In general, AAV8-Fah displayed a linear dose response over the ra

In general, AAV8-Fah displayed a linear dose response over the range of doses administered (Fig. 4) where the highest doses administered produced the greatest gene repair. The difference in repair frequencies between the highest dose and all other doses administered was significant. In contrast, AAV2-Fah had no significant change in repair frequency over the entire range of doses administered. Overall, results indicate

that AAV8-mediated gene repair is superior to that with AAV2. The adult liver has considerably less cellular turnover than neonatal liver undergoing rapid growth and proliferation. Thus, gene repair frequencies are predicted to be lower in adults as homologous recombination is most prevalent during mitotic S-phase.37 AAV8 was chosen to RAD001 supplier test the feasibility of gene repair in the nearly quiescent adult liver as it had now been demonstrated to be both faster and more efficient at gene repair than AAV2. Adult Fah5981SB mice (8-12 weeks old) were injected with 1 × 1011 vg of AAV8-Fah (n = 6), whereas age-matched littermate controls were injected with isotonic NaCl (n = 8). Mice were withdrawn from NTBC to allow selection of corrected hepatocytes. Serum for liver function tests and liver tissue were harvested >12 weeks after treatment. Mice treated with AAV8-Fah showed clinical improvement and repopulation with FAH+ hepatocytes (Fig. 5A), whereas all mice Dasatinib order in the control

group had

to be euthanized and showed no hepatic repopulation. Surprisingly, the initial correction frequency of FAH+ nodules was comparable to that seen with neonatal administration. The clonal expansion of corrected hepatocytes was able to reverse the tyrosinemic phenotype and was highly reproducible. Liver function tests for AST and bilirubin demonstrated near complete correction when compared to controls (Fig. 5B). Although phenotypic reversion of Fah5981SB mice indicates successful site-specific gene repair, random integration could also occur.38 To assess random integration frequencies, d3 Fah5981SB neonates were coinjected with 4 × 1010 vg of AAV8-Fah and an irrelevant serotype-matched control vector AAV8-hAAT. Post-weaning, mice were MCE subjected to NTBC withdrawal to select for corrected hepatocytes.
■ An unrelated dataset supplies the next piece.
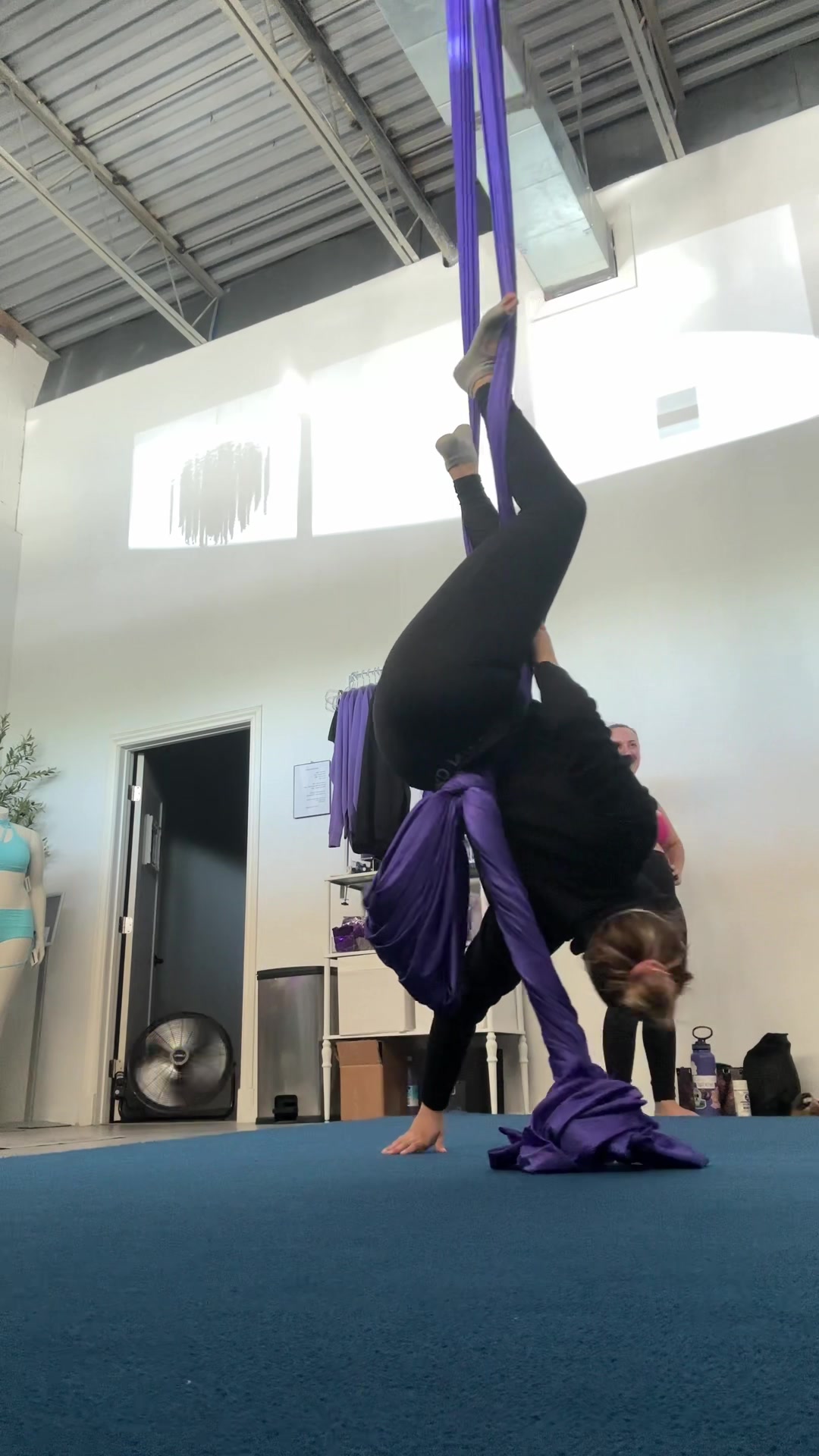 @daisyduarte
To ensure no episomes remained, 5 × 105 random hepatocytes were then serially transplanted into eight secondary Fah5981SB recipients. After >12 weeks off NTBC, serum and liver tissue were collected at harvest. qPCR was used to determine Fah and hAAT copy numbers in each mouse (Table 1). The frequency of randomly integrated hAAT ranged from 0 (undetectable) to 0.06/dGE and averaged 0.005/dGE. Only half the hepatocytes in repopulated livers were donor-derived, thus frequencies were corrected by a factor of two, resulting in an average random integration frequency of 0.01/dGE (1%) in corrected hepatocytes.